### What the exercise asks:
Reproduce the records below in their entirety, character for character.

Data START

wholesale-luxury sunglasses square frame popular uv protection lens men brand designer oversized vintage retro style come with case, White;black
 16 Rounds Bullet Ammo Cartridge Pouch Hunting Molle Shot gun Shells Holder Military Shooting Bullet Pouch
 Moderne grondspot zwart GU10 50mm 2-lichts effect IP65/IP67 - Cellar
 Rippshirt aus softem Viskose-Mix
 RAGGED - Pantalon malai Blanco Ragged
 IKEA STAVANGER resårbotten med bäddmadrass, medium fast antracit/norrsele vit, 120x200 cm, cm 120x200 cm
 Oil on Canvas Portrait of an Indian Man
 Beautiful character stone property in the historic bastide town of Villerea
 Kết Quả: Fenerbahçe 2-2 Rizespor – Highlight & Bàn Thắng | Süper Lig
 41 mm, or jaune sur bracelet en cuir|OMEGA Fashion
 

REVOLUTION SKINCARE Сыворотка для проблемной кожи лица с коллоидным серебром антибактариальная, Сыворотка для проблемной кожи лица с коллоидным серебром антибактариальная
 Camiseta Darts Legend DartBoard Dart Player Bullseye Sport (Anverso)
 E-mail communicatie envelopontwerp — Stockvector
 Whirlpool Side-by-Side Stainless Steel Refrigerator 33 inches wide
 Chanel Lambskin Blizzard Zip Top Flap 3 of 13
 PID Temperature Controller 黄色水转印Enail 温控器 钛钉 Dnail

Data END

### Solution:
wholesale-luxury sunglasses square frame popular uv protection lens men brand designer oversized vintage retro style come with case, White;black
 16 Rounds Bullet Ammo Cartridge Pouch Hunting Molle Shot gun Shells Holder Military Shooting Bullet Pouch
 Moderne grondspot zwart GU10 50mm 2-lichts effect IP65/IP67 - Cellar
 Rippshirt aus softem Viskose-Mix
 RAGGED - Pantalon malai Blanco Ragged
 IKEA STAVANGER resårbotten med bäddmadrass, medium fast antracit/norrsele vit, 120x200 cm, cm 120x200 cm
 Oil on Canvas Portrait of an Indian Man
 Beautiful character stone property in the historic bastide town of Villerea
 Kết Quả: Fenerbahçe 2-2 Rizespor – Highlight & Bàn Thắng | Süper Lig
 41 mm, or jaune sur bracelet en cuir|OMEGA Fashion
 

REVOLUTION SKINCARE Сыворотка для проблемной кожи лица с коллоидным серебром антибактариальная, Сыворотка для проблемной кожи лица с коллоидным серебром антибактариальная
 Camiseta Darts Legend DartBoard Dart Player Bullseye Sport (Anverso)
 E-mail communicatie envelopontwerp — Stockvector
 Whirlpool Side-by-Side Stainless Steel Refrigerator 33 inches wide
 Chanel Lambskin Blizzard Zip Top Flap 3 of 13
 PID Temperature Controller 黄色水转印Enail 温控器 钛钉 Dnail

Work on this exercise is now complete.